::: DATA LISTING
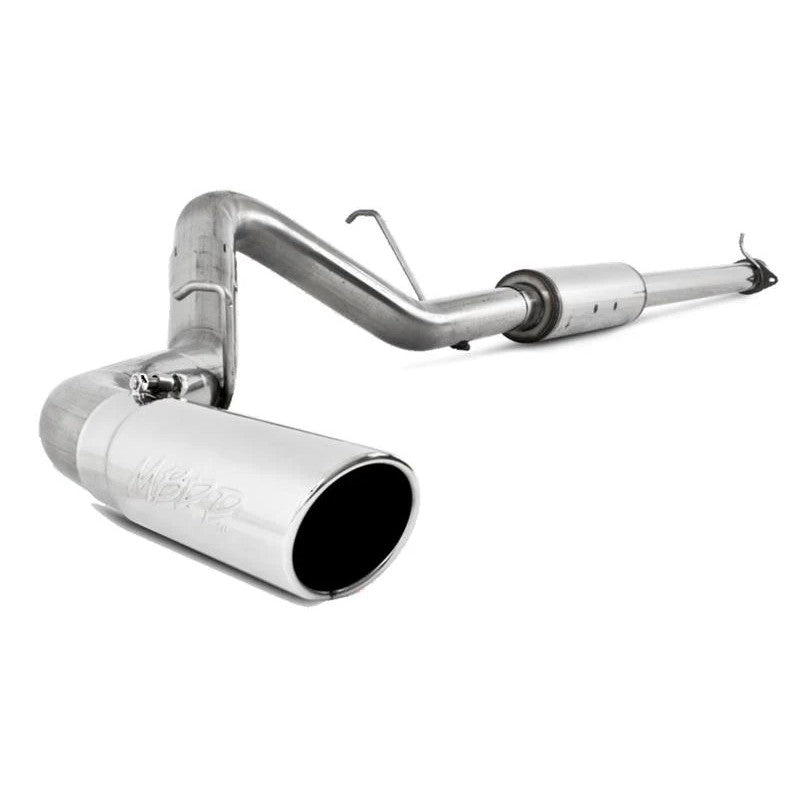 MBRP Armor Lite aluminized steel single side exit cat-back exhaust system with stainless steel tip.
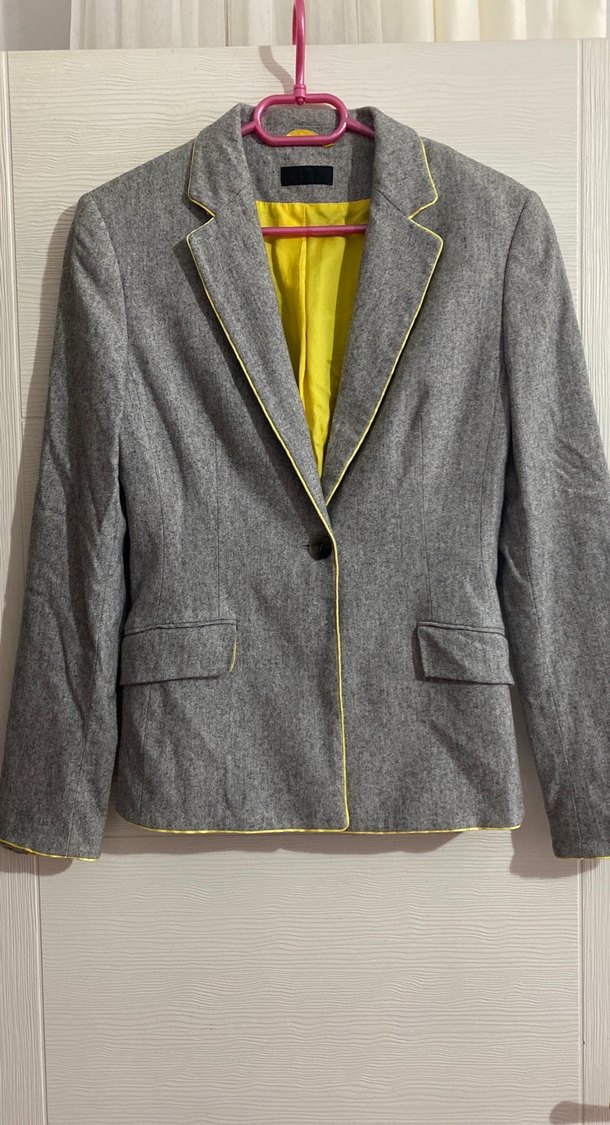 Network Gri Düğmeli Kadın Ceket - Görsel 3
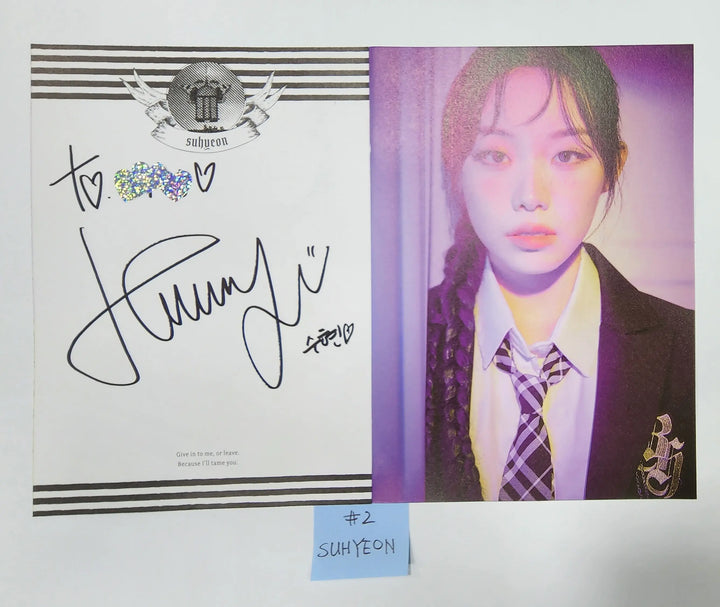 Billlie "the Billage of perception : chapter two" - A Cut Page From Fansign Event Album - HALLYUSUPERSTORE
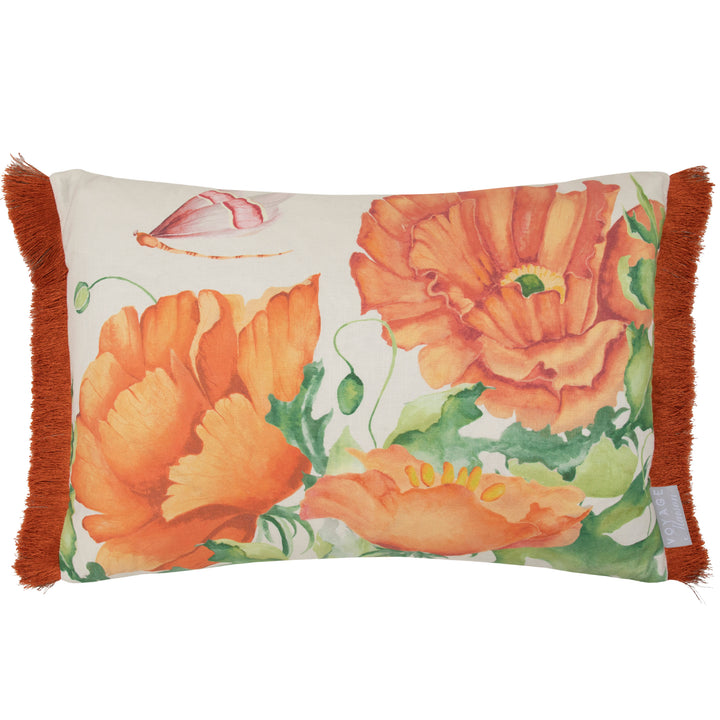 VALERIA 40X60 CUSHION CASE SCARLET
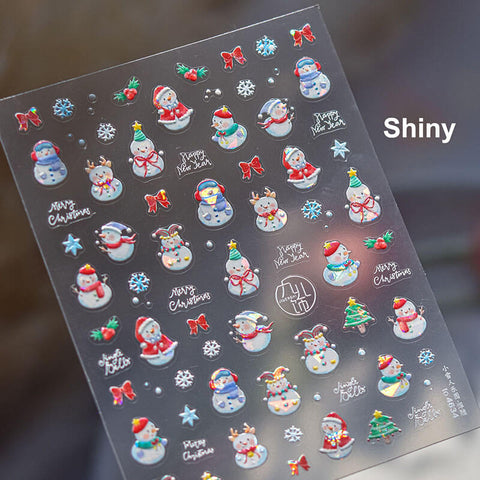 Winter Snowman Nail Stickers, Winter Nail Art Stickers, Winter Nail Decals, Snowman Stickers, Winter Stickers, Winter Nail Design, DIY Nails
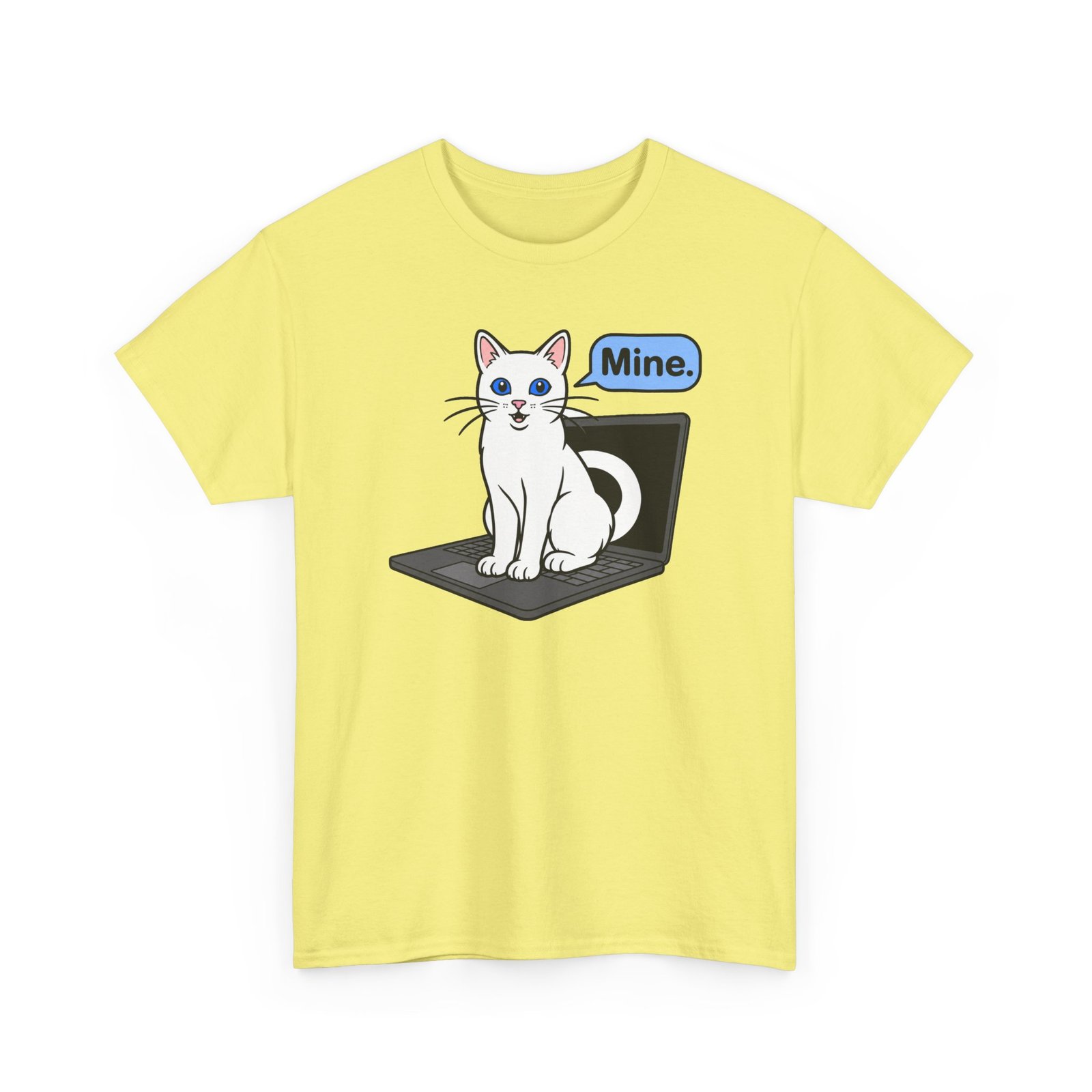 Cat Sits On Laptop – Unisex T-Shirt – Your Laptop Has a New Owner - Image 20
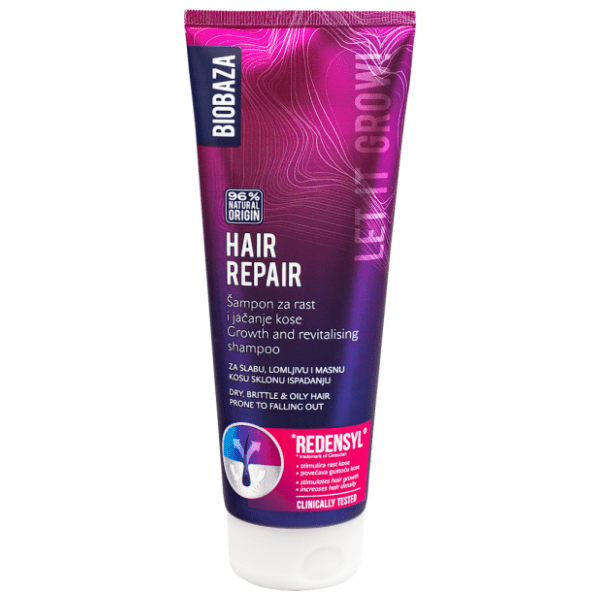 BIOBAZA Repair šampon za rast i jačanje kose 250ml 0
::::::
Output the records exactly, pictures excluded.

▶ OUTPUT BELOW
 MBRP Armor Lite aluminized steel single side exit cat-back exhaust system with stainless steel tip.
 Network Gri Düğmeli Kadın Ceket - Görsel 3
 Billlie "the Billage of perception : chapter two" - A Cut Page From Fansign Event Album - HALLYUSUPERSTORE
 VALERIA 40X60 CUSHION CASE SCARLET
 Winter Snowman Nail Stickers, Winter Nail Art Stickers, Winter Nail Decals, Snowman Stickers, Winter Stickers, Winter Nail Design, DIY Nails
 Cat Sits On Laptop – Unisex T-Shirt – Your Laptop Has a New Owner - Image 20
 BIOBAZA Repair šampon za rast i jačanje kose 250ml 0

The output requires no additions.